# Empire Earth II patch problem



## Panther21 (Jul 7, 2011)

_I know, I know, it's an old game. I still play it and like it though._
Before everything, sorry for the bad English. I LIVE IN RIO DE JANEIRO, BRAZIL.
Ok, so I bought Empire Earth II for my cousin in 2007, but he got old and stopped playing it. And I like the game, so I installed it and played it. Everything was ok until I found a bug (the in-game markets didn't work correctly), and realized I had not downloaded any of the patches for the game. I went and downloaded them, but I couldn't figure out which was the earliest and which was the latest, but I thought it was 1.05. I tried to install it, but even though I had the game installed, it returned me this message:

"_You need to have the full version of Empire Earth II installed to install this patch. Install EE2, r__un the game and try again.__ Make sure your versions are correct."_

Or something like that. Well, the problems are:



I do have the FULL version of EE2 installed, though it's in a different directory than the standard one. Is that a problem?
Maybe I do need to run the game while I install the patch?
Ok, I know there are three zillions of versions and countries for the patch, so please, as I mentioned earlier, tell me which version is the first patch and which is the last.
I don't have the slightest idea of which country and version number my version is, so if you'd tell me how to find out, it would be very much appreciated.
Thank you in advance.

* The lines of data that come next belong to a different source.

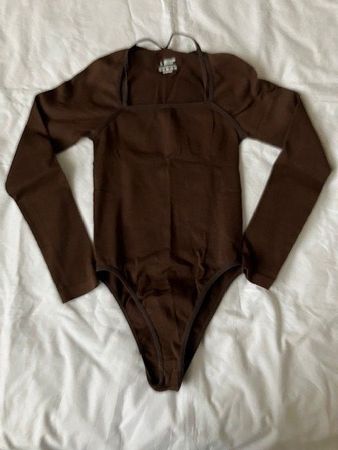 Body marron manches longues, taille S -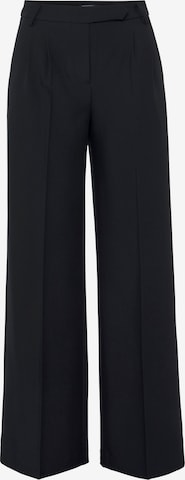 HECHTER PARIS Wide leg Pleated Pants in Black: front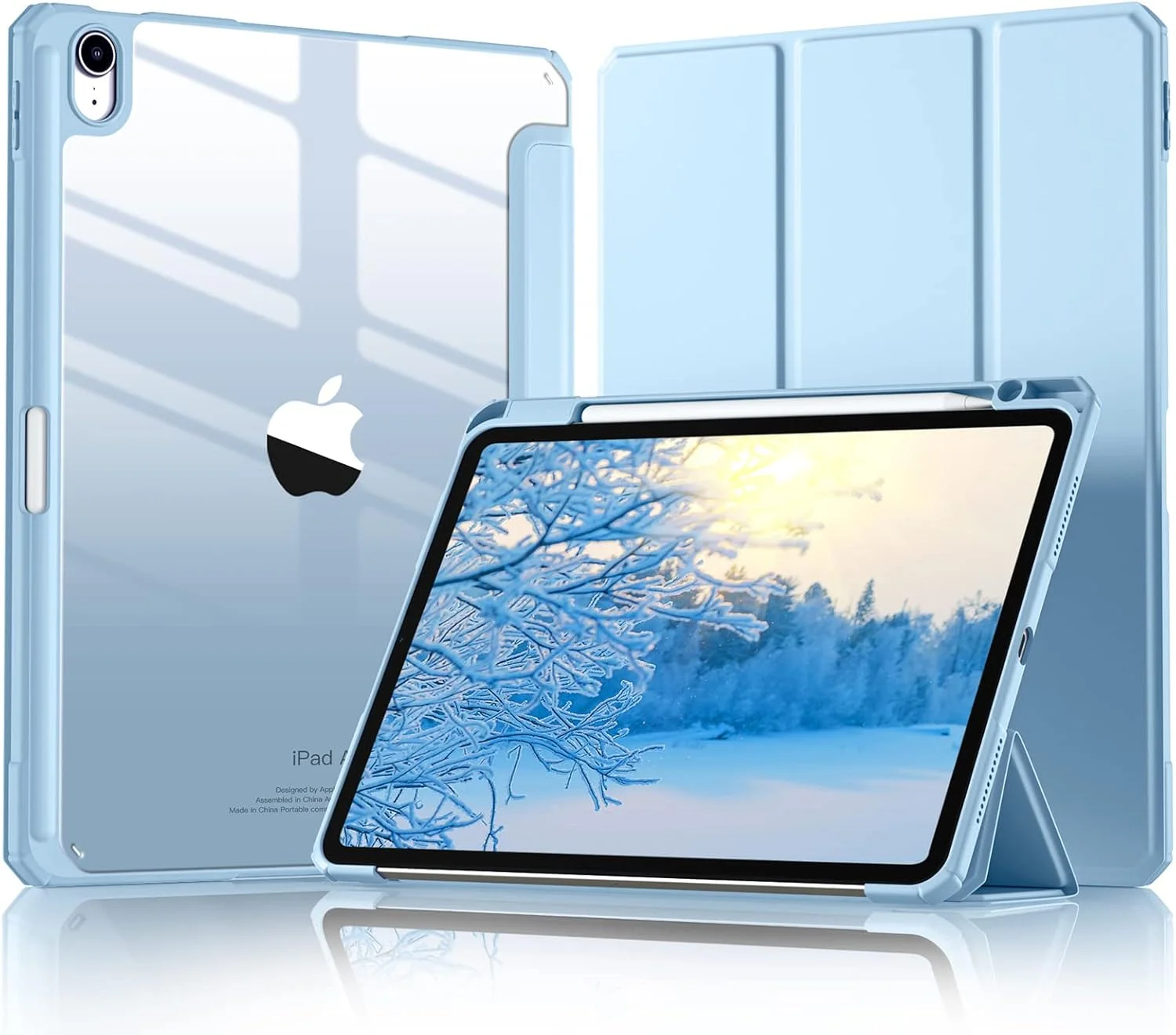 کاور آیپد ایر نسل پنجم 2022 / کاور آیپد ایر نسل چهارم 2020 سایز 10.9 اینچ Mastten، دارای جای قلم، کاور محافظ باریک با پشت شفاف، یاسی
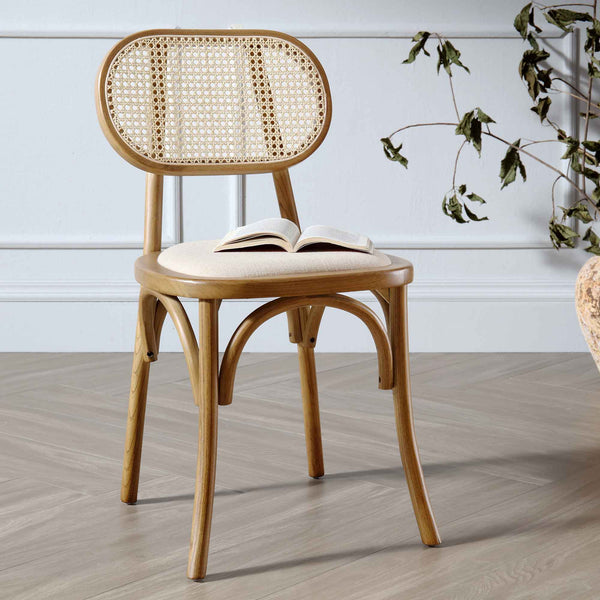 Anya Set of 2 Cane Rattan and Upholstered Dining Chairs, Light Walnut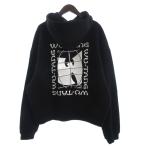 ザラ ZARA ウータン WU-TANG パーカー スウェット プルオーバー 裏起毛 バックプリント 刺繍 黒 ブラック M メンズ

Waiting for replies.


----------



## RockmasteR (Aug 10, 2007)

check the Game's Cover CD/DVD
if it's rated by ESRB (uses letters, like M, T, E, A) it's the North American Version
if it's rated by PEGI (uses numbers like 12, 16, 18...) it's the European Version

you can check the rating on the down left of the cover.

that's the available patch for the game:
DLH.Net - PC Patches


----------